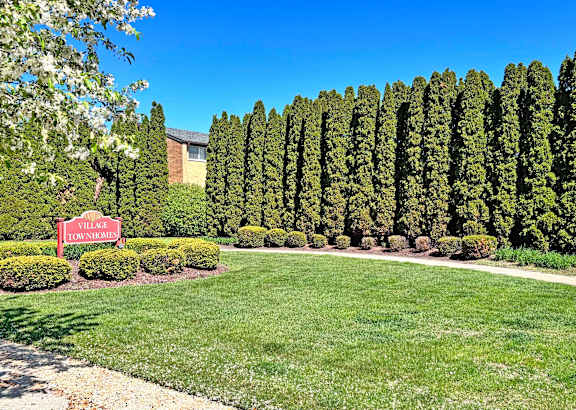 A row of tall trees are lined up in front of a building.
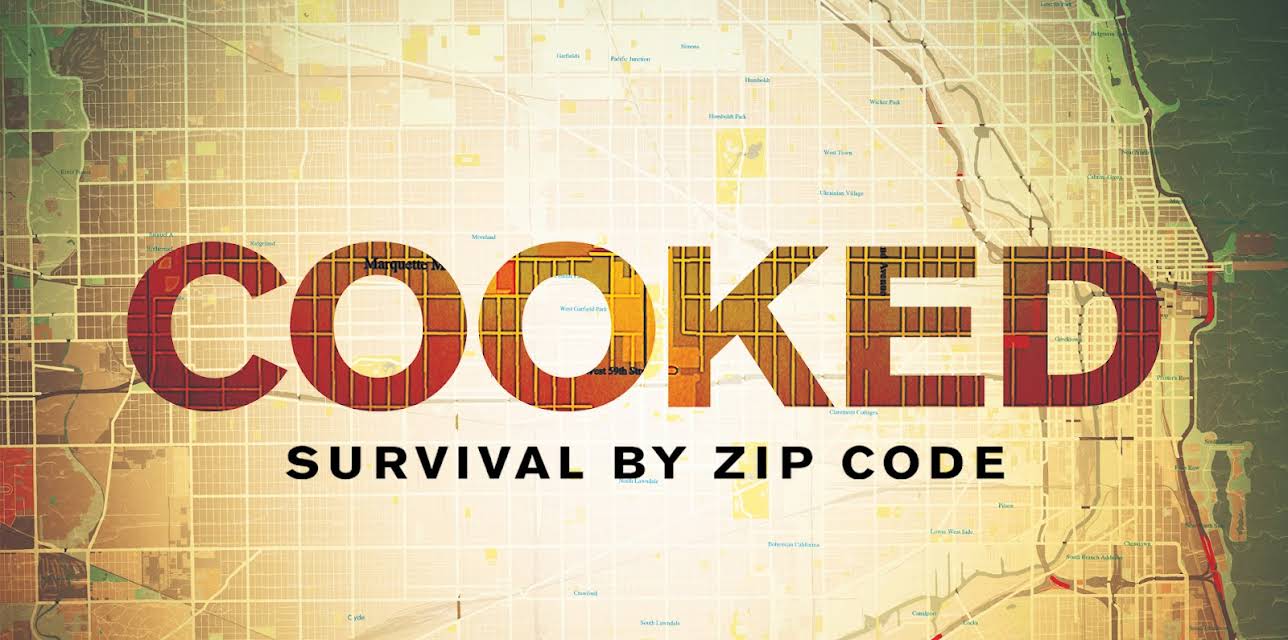 Cooked: Survival by Zip Code (2019)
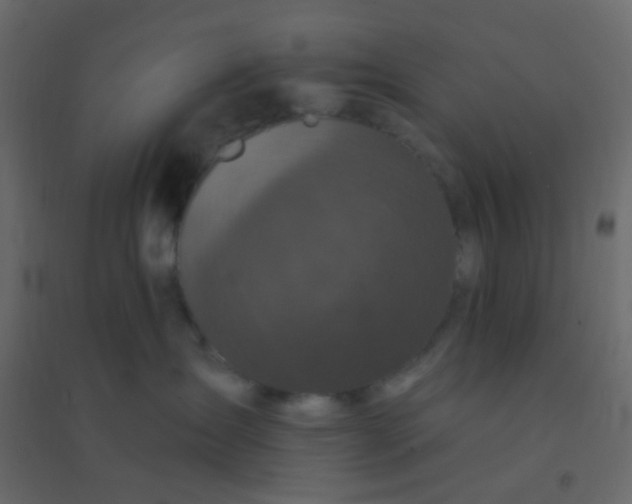 X0000094940431200712131604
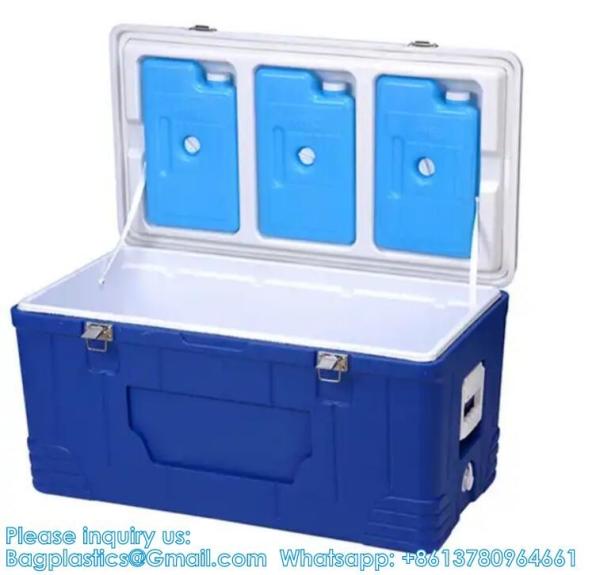 Custom Medical Organ Transport Portable Cooler Wine Beer Styrofoam Ice Chest Thermal Bag Food Large Cooler Box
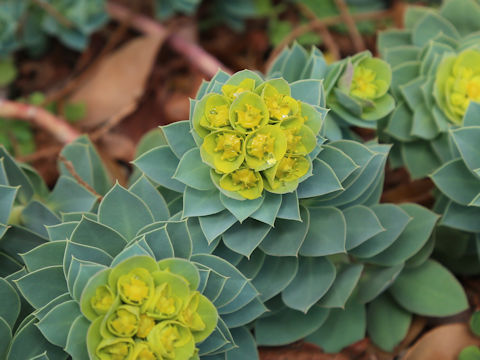 Euphorbia myrsinites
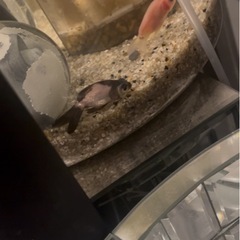 パンダ　ブラックホワイト出目金！金魚　熱帯魚の画像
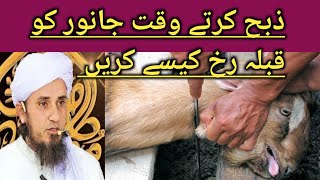 Qurbani Karte Waqt Janwar Ko Qibla Rukh Karne Ka Sahih Tariqa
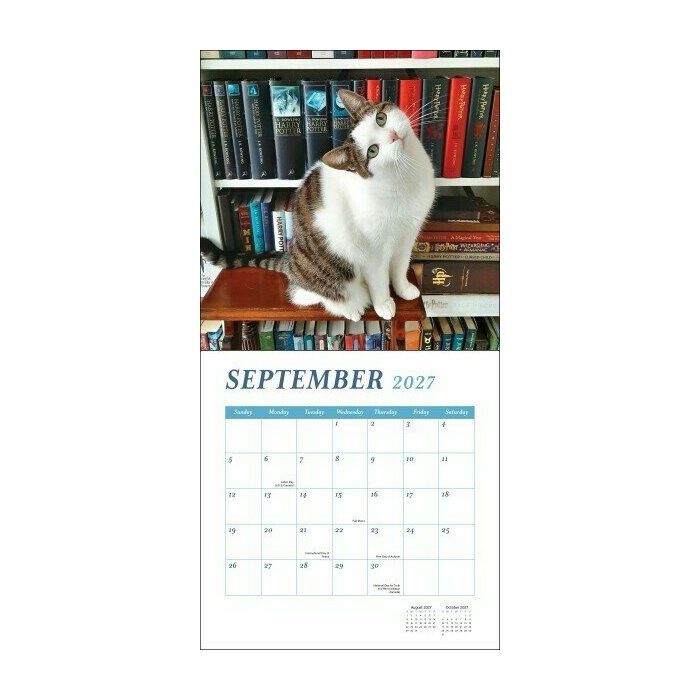 Calendrier 2027 Chats Livres et Bibliothèques Calendrier 2027 mural papier Chats Livres et Bibliothèques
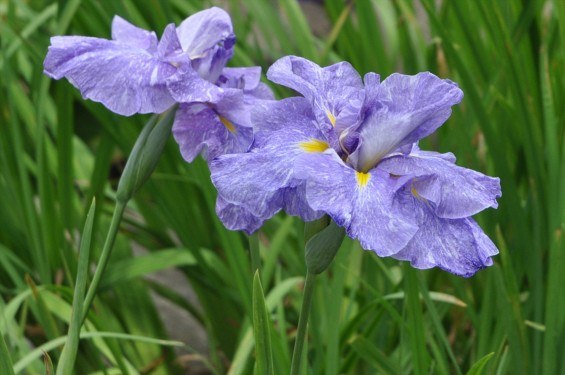 2015年6月 埼玉県鳩山町農村公園の湿生植物園 花菖蒲 ハナショウブDSC_1264-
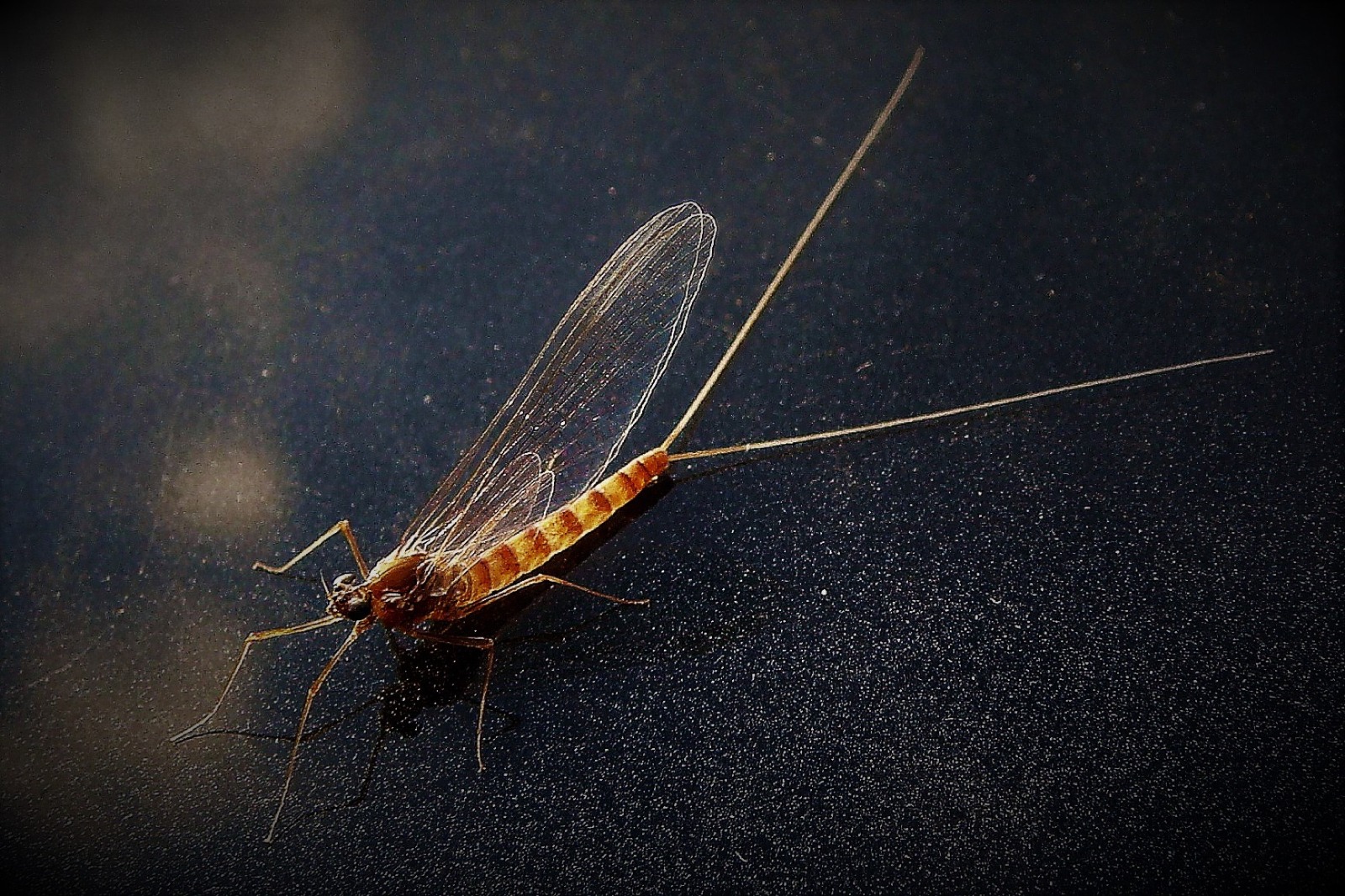 Mayfly spinner, Yellowstone Park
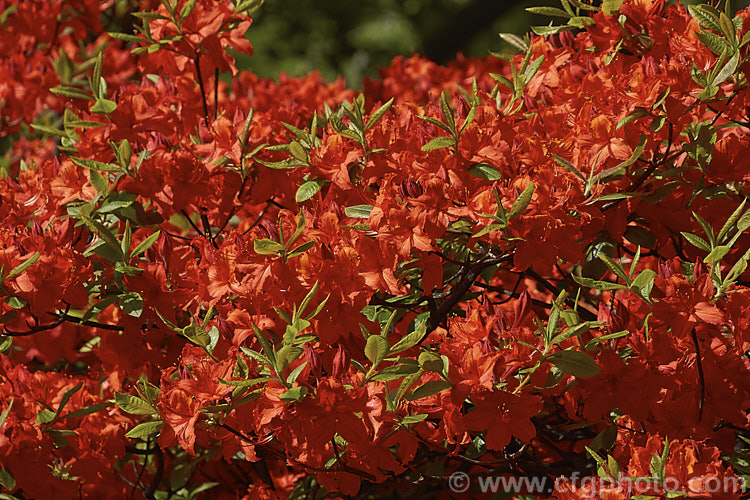 Rhododendron (deciduous azalea</i>) 'Dorothy Corston', a Knap. Hill azalea that was introduced in 1967. It grows to around 3m high x 4m wide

•••

### Exercise
Copy out only the lines beginning at the line with "パンダ　ブラックホワイト出目金！金魚　熱帯魚の画像" and ending at the last line of the entries. Keep them exact; drop pictures.

### Response to this exercise
 パンダ　ブラックホワイト出目金！金魚　熱帯魚の画像
 Qurbani Karte Waqt Janwar Ko Qibla Rukh Karne Ka Sahih Tariqa
 Calendrier 2027 Chats Livres et Bibliothèques Calendrier 2027 mural papier Chats Livres et Bibliothèques
 2015年6月 埼玉県鳩山町農村公園の湿生植物園 花菖蒲 ハナショウブDSC_1264-
 Mayfly spinner, Yellowstone Park
 Rhododendron (deciduous azalea</i>) 'Dorothy Corston', a Knap. Hill azalea that was introduced in 1967. It grows to around 3m high x 4m wide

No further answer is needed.